[libre-riscv-dev] sv 1d/2d/3d data shaping

Tue Oct 16 00:11:32 BST 2018

On Mon, Oct 15, 2018 at 10:46 PM lkcl <lkcl at libre-riscv.org> wrote:
>
> On Mon, Oct 15, 2018 at 10:17 PM Jacob Lifshay <programmerjake at gmail.com> wrote:
> >
> > That should work. For a 4x4 matrix (the biggest required) it could be set
> > up to have a 4x4xN layout, where N is the number of shaders running at once.
>
>  okaay very cool.  i'll write something up.
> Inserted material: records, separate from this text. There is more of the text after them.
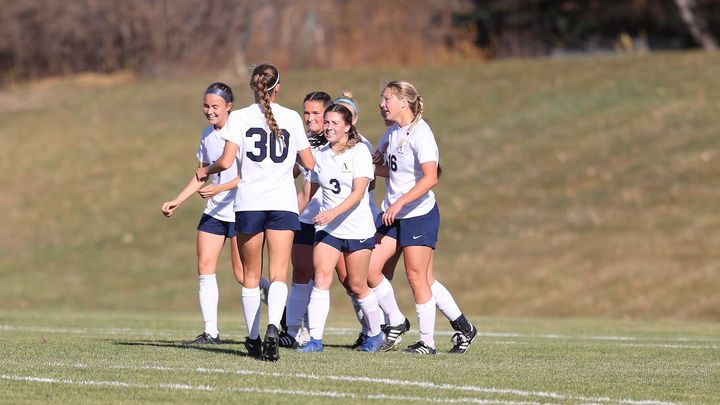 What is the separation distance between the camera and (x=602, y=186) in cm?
2908

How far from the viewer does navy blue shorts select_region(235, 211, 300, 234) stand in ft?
Result: 30.5

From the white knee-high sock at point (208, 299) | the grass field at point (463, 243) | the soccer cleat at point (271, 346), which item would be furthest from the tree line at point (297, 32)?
the soccer cleat at point (271, 346)

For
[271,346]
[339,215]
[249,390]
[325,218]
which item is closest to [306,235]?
[339,215]

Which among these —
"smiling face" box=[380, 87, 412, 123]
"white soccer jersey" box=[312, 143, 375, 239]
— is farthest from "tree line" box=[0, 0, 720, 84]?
"white soccer jersey" box=[312, 143, 375, 239]

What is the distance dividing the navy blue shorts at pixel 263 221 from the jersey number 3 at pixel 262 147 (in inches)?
14.6

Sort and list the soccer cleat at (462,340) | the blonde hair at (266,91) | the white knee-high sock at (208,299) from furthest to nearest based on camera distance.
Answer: the white knee-high sock at (208,299), the soccer cleat at (462,340), the blonde hair at (266,91)

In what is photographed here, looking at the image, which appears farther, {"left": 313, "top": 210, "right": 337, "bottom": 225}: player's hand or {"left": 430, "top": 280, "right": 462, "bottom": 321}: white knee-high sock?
{"left": 430, "top": 280, "right": 462, "bottom": 321}: white knee-high sock

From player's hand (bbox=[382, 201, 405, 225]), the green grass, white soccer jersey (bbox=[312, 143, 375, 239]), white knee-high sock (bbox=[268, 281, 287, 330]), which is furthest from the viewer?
white soccer jersey (bbox=[312, 143, 375, 239])

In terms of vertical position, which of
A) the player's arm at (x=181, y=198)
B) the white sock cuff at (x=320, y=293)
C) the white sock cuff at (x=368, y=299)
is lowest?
the white sock cuff at (x=368, y=299)

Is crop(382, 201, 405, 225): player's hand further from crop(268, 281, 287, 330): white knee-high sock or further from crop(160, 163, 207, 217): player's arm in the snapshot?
crop(160, 163, 207, 217): player's arm

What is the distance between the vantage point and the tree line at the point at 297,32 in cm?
4447

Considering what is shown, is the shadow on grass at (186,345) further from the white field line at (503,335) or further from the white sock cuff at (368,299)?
the white field line at (503,335)

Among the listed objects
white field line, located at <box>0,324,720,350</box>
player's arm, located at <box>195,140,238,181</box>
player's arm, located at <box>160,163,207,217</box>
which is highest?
player's arm, located at <box>195,140,238,181</box>

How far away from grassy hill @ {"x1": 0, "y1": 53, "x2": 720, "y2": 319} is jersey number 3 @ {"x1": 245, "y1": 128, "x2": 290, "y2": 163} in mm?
14613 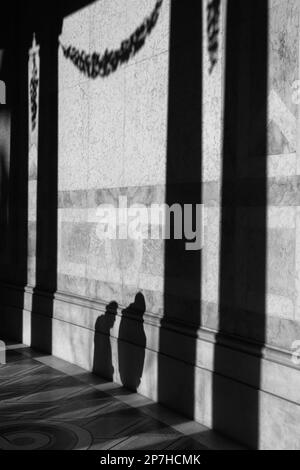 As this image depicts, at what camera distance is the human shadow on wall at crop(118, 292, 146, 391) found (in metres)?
5.89

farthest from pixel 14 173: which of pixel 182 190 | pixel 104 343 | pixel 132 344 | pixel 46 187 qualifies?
pixel 182 190

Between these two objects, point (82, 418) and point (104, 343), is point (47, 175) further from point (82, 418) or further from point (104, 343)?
point (82, 418)

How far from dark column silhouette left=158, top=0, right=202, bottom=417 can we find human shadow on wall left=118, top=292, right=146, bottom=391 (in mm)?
340

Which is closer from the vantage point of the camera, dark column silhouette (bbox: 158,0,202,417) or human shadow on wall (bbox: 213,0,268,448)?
human shadow on wall (bbox: 213,0,268,448)

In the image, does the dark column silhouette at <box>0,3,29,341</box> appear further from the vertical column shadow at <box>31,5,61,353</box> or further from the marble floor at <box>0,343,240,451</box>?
the marble floor at <box>0,343,240,451</box>

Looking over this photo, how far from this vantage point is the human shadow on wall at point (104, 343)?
6.34 metres

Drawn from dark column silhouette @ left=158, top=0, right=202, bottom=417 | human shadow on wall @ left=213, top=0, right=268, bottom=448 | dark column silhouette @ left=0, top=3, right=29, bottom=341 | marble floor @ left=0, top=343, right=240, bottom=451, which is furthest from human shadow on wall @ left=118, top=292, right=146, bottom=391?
dark column silhouette @ left=0, top=3, right=29, bottom=341

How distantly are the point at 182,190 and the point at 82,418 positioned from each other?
88.1 inches

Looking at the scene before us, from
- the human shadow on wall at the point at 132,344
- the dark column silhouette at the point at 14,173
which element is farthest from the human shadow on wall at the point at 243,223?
the dark column silhouette at the point at 14,173

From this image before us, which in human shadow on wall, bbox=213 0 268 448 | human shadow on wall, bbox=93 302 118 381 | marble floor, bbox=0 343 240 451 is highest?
human shadow on wall, bbox=213 0 268 448

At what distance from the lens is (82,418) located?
5090mm

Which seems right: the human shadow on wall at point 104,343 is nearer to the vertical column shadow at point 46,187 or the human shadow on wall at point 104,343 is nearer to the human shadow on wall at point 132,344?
the human shadow on wall at point 132,344

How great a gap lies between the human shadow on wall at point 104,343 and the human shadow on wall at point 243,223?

 this flexible algorithm (below) seems to do the job.  hypothetically
it can be extended to N dimensions.  the "order" may be specified as a
permutation, which, for a set of 3 elements is six combinations, for a
total of only 3 bits to express it:
012 021
120 102
201 210

with 32 bits to play with, and a hard limit of XLEN, the dimensions
may be expressed in 6 bits, as (x-field + 1), (y-field + 1), (z-field
+ 1) and of course any of those equals zero, that means that dimension
equals 1 (linear) so is effectively disabled, and in this way we get
2D (and 1D obviously).

interestingly if the xdim * ydim * zdim is *less* then VL, then the
whole thing wraps round.  i can see that actually being extremely
useful, to apply values in a matrix repeatedly to an *array* of
matrices.  or, to have a single instruction issue multiple adds of a
larger array to a smaller one, in a cumulative fashion.  map-reduce in
other words.

obviously have to be be really really careful there, because if the
wrap is too small it could interfere with pipeline issuing / register
allocation...

still, extremely cool.

----

xdim = 3
ydim = 4
zdim = 5

xmul = xdim
ymul = ydim * xdim
zmul = 1

lims = [xdim, ydim, zdim]
idxs = [0,0,0]
order = [1,2,0]

for idx in range(xdim * ydim * zdim):
    new_idx = idxs[0] + idxs[1] * xdim + idxs[2] * xdim * ydim
    print new_idx,
    for i in range(3):
        idxs[order[i]] = idxs[order[i]] + 1
        if (idxs[order[i]] != lims[order[i]]):
            break
        print
        idxs[order[i]] = 0